A door opened and closed downstairs, startling Drannon from his reminiscing, and he shook off the lump of emotion in his throat. Abe and Sera became his salvation as he grew into a temperamental young man with an ax to grind. They’d just as easily been his cheerleaders when he finally realized no one owed him anything and he’d have to go out and work for his future. He invested his energies in a career that turned sour on him, and eight years ago, he came home from the big city with his tail between his legs, and found his heart back home on the ranch.
He and his three closest foster brothers, Roman, Vin, and Hawke had bought the ranch off Abe and turned the main house and most of the cabins into a guest ranch. Of course it was Marilyn who ran the guest side of things, while the boys took care of the ranch. It turned out to be a great investment, and a timely one considering Sera died a couple of years later, and the fire inside Abe fizzled.
Now that both Crawleys were gone, the big house seemed cold and empty most days, even when it was full of guests or ranch hands.

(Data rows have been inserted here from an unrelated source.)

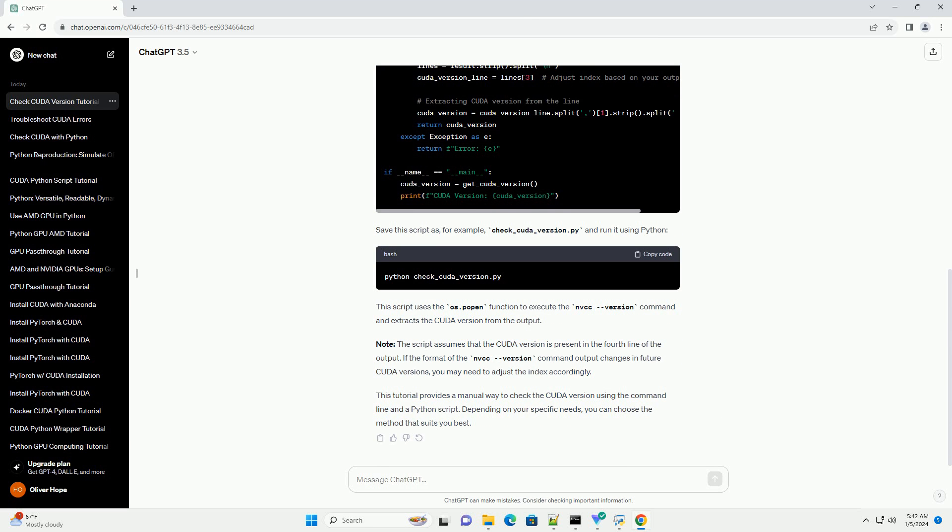This tutorial provides a manual way to check the CUDA version using the command line and a Python script. Depending on your specific needs, you can choose the method that suits you best.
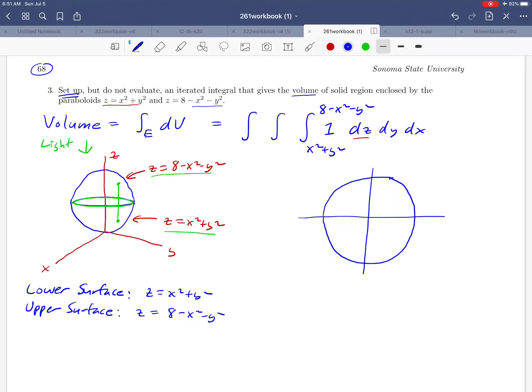To figure out the y limits of integration, we need to determine what the upper and lower curves are in the projection. To find those curves, we need to know how big this circle is — what its radius is. The circle comes from the intersection of our two paraboloids, which we find by setting the two surface equations equal to each other.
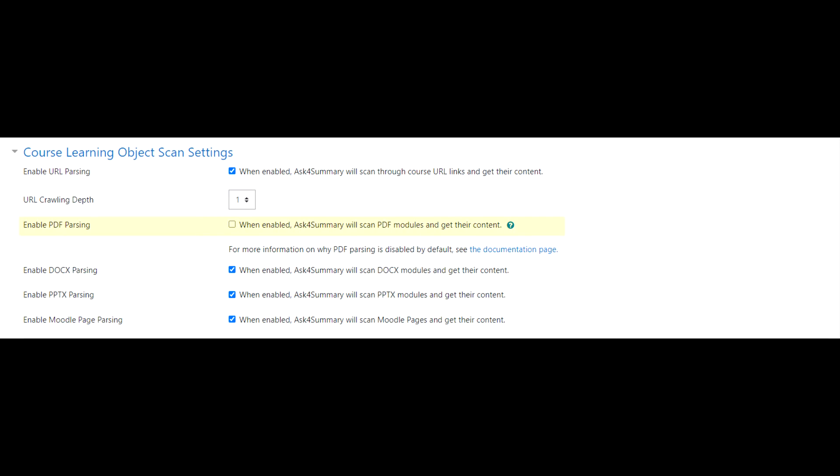You may also notice that PDF parsing is disabled by default. This is because it requires the external application Abbey Word. See the documentation page for more information.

Skimming his hand up the wide oak banister, Drannon remembered sliding down it on his rump and getting scolded over and over by Sera, who always did it with a smile on her face. He remembered garland wrapped around it with twinkling lights encircling the posts, and the smell of pies and Christmas cookies. This Christmas Marilyn had put up the tree alone, and the tree skirt had remained empty since the boys decided not to bother exchanging gifts with each other. Maybe it wasn’t just Abe who lost his heart when Sera died. The whole of Crawley Creek Ranch seemed to have lost its sparkle.
Pushing aside his sad thoughts, and longing for the old days, Drannon went back to bed already listing in his head the multitude of chores that needed to be done when the sun rose.